Tu as permis à mon imagination de s'envoler,
Me faisant oublier la dure vérité de la vie.

C'est de toi que j'ai tout appris,
Du bien jusqu'au mal,
Avec toi, j'ai bu le vin de la connaissance,
Et tu m'as fait connaître le beau et le moins beau
Tu m'as appris à compter
Et surtout, à ne compter sur rien,
Tu m'as appris à dire oui, mais surtout à dire non.
Tu m'as appris à connaître que rien
De ce qui existe n'est ou ne mérite d'être
Mais surtout à connaître que tout ce qui est n'est pas ce qui est,
Et que tout ce qui n'est pas l'est encore moins.
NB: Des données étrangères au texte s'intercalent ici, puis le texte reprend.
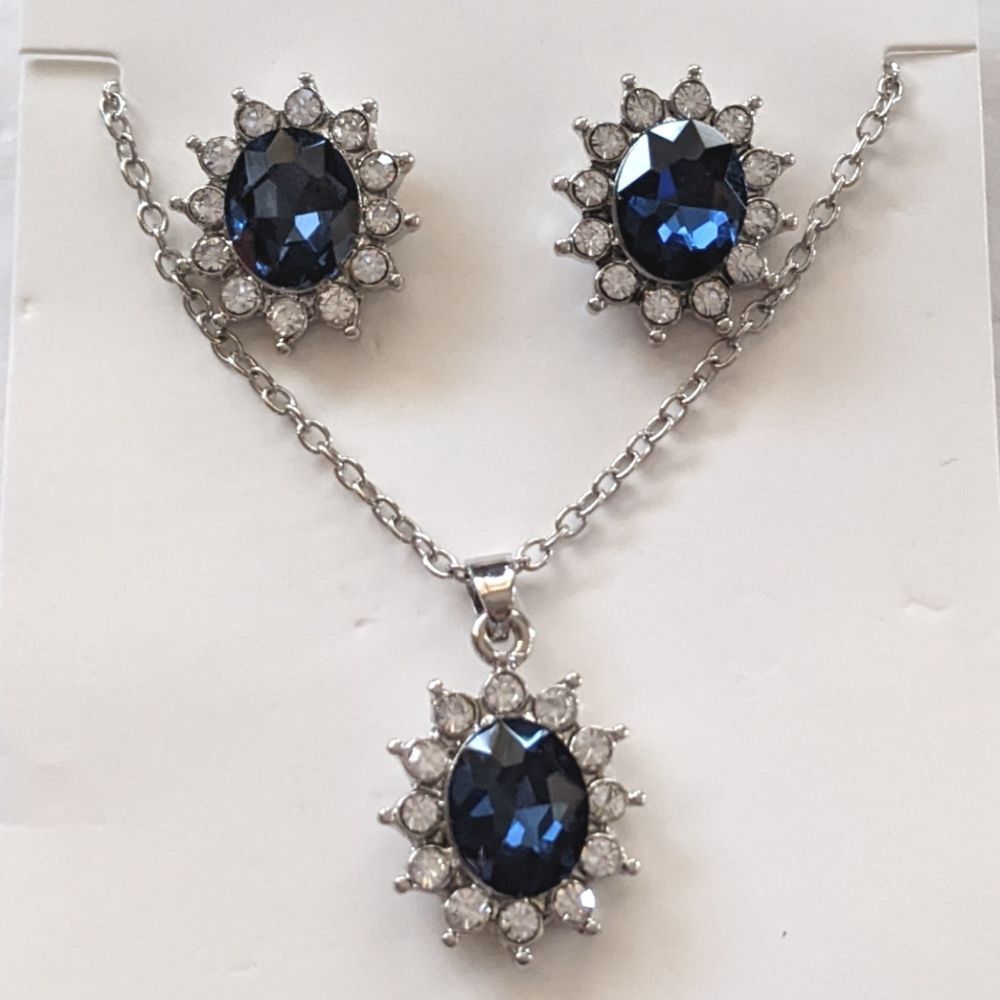 Princess Diana Style Faux Sapphire & Diamond Set Necklace & Stud Earrings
Tu es la révolte, le refus, la transcendance,
L'amour, la haine, l'ascendance,
La folie, le stupre, la luxure, les tentations,
La gourmandise, l'envie, la contestation,
Tu es le tout, sans qui, sans toi, je ne serais rien.

Celui qui a fait le ciel et la terre,
Et le bien et le mal, m'a créé une âme damnée
Que j'ai donné, damné,
Au diable, faute de pouvoir la donner
À dieu qui me l'a refusée.

Dieu, pourquoi m'as-tu abandonné,
Et fait si faible, pour que j'abdique et
Que je ne puisse lui résister.

Maintenant que j'ai pris goût à le suivre,
Je n'aspire plus à rien d'autre qu'à rester à ses côtés
Que me fait d'être, pour le restant de mes jours, damné
Je l'étais déjà, dès le premier moment de mon existence.